Le travail, la culture dominante, le mérite, la complaisance de la discrimination positive acceptée par l'indigène doivent être les seules portes de sortie de la misère, de la magouille et de la violence – c'est un tel dilemme qu'a vécu Jack London . Ainsi les artistes des mondes nouveaux oscillent-ils entre la fascination des bas-fonds et la fascination pour la culture dominante, eux même n'étant au fond nulle part, dans ce néant qu'il faut anéantir . Disons le : nous ne voulons pas être tout, tout avoir : nous voulons simplement le droit d'être quelque chose, de ne pas être d'abord salarié, consommateur, électeur, élu, représenté, représentant – mais avant tout être humain cherchant l'extase hors de l'ancien monde des morts . C'est de cette volonté d'être quelque chose, et non pas rien – de ne pas avoir honte de soi-même, de ne plus demander, de ne plus s'humilier, de ne plus demander d'autorisation pour ce qui relève du vital – que nait la nécessité de s'opposer, et donc la détermination de ce à quoi nous nous opposons, et enfin le concept de Système .

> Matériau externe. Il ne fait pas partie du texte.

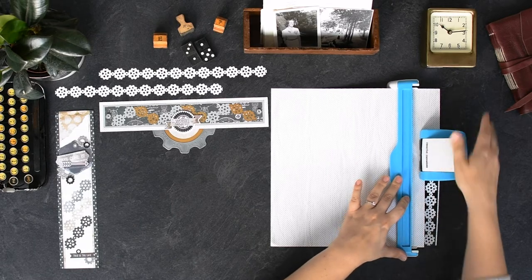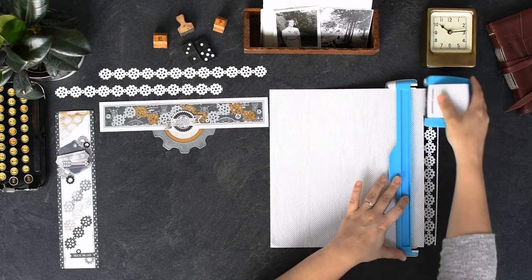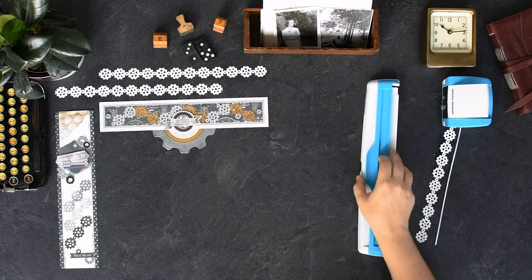Pull the housing unit off the paper instead of sliding it, then align to the next notch and press the lever down. By pulling the paper off, you are less likely to get the paper stuck or caught.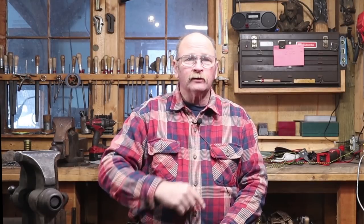Good morning and welcome back to Black Bear Forge. Today will be the first day of 2020 that I have lit the forge, and for that momentous occasion, let's do a Hook of the Week.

Le Système n'est pas d'abord un concept, mais le signe commun d'une expérience vécue de l'étouffement, de l'enfermement, de l'incarcération de l'homme censé être libre – une expérience banale, traduite dans la littérature par Kafka ou Boulgakov . Toute pensée qui s'élève parmi nous doit être légitimée ainsi, comme le signe commun, reconnu, d'une expérience partagée . Tu ne savais peut être pas la formuler ainsi ; mais l'essentiel est que tu le sentes ainsi, et qu'ainsi puisse s'ouvrir le partage des mondes, des luttes, mais aussi d'un repas . Ce qui est vivant, ce sont les liens des hommes entre eux, leur loyauté, leur sang et leur larmes – le seul liquide dans lequel ils puissent tremper les armes d'un combat pour à nouveau respirer – à nouveau affirmer que l'otium, le temps détaché des nécessités de production est un fondement de la vie humaine .

Il en est des derniers philosophes comme des derniers cardinaux d'avant Luther - non plus des hommes de Souffle, mais de pouvoir, d'argent et même de commerce, avec leurs intimidations morales ou leur "hédonisme" prêt à porter . Les derniers vestiges, consternants, de la chute de la République. L'idéologie officielle moderne, ce républicanisme de meute, sénile et itératif, est le masque de la domination totale d'une clique sans souffle, d'un lot de vieillards et de leurs laquais, qui prennent la pose de l'artiste et du transgresseur, par exemple parce qu'ils baisent en groupes, et ne croient pas dans la moraline officielle - qu'ils ne consomment pas la marchandise qu'ils vendent en masse . Ils profitent et organisent le brouillage du discours esthétique, les annonces répétées de la mort de l'art et de la littérature, au profit de leur jouissance de complices de l'oligarchie . Proclamer la mort cyclique de l'art permet de s'éditer sans vergogne, et d'éviter de se demander s'il n'existe pas des meurtriers . Il exercent leur fonction de domination avec appétit, avec graisse . Ils s'appuient sur une infrastructure médiatique et financière lourde, qui permet de se la jouer grand écrivain en payant des photographes, comme d'autres, journalistes, ont posé au journaliste victime de balles du pouvoir avec des maquillages de cinéma, sans la moindre honte . Ils appuient le pouvoir en place depuis toujours, et celui-ci les récompense . Ils dressent toujours des portraits fort nobles des vainqueurs du jour .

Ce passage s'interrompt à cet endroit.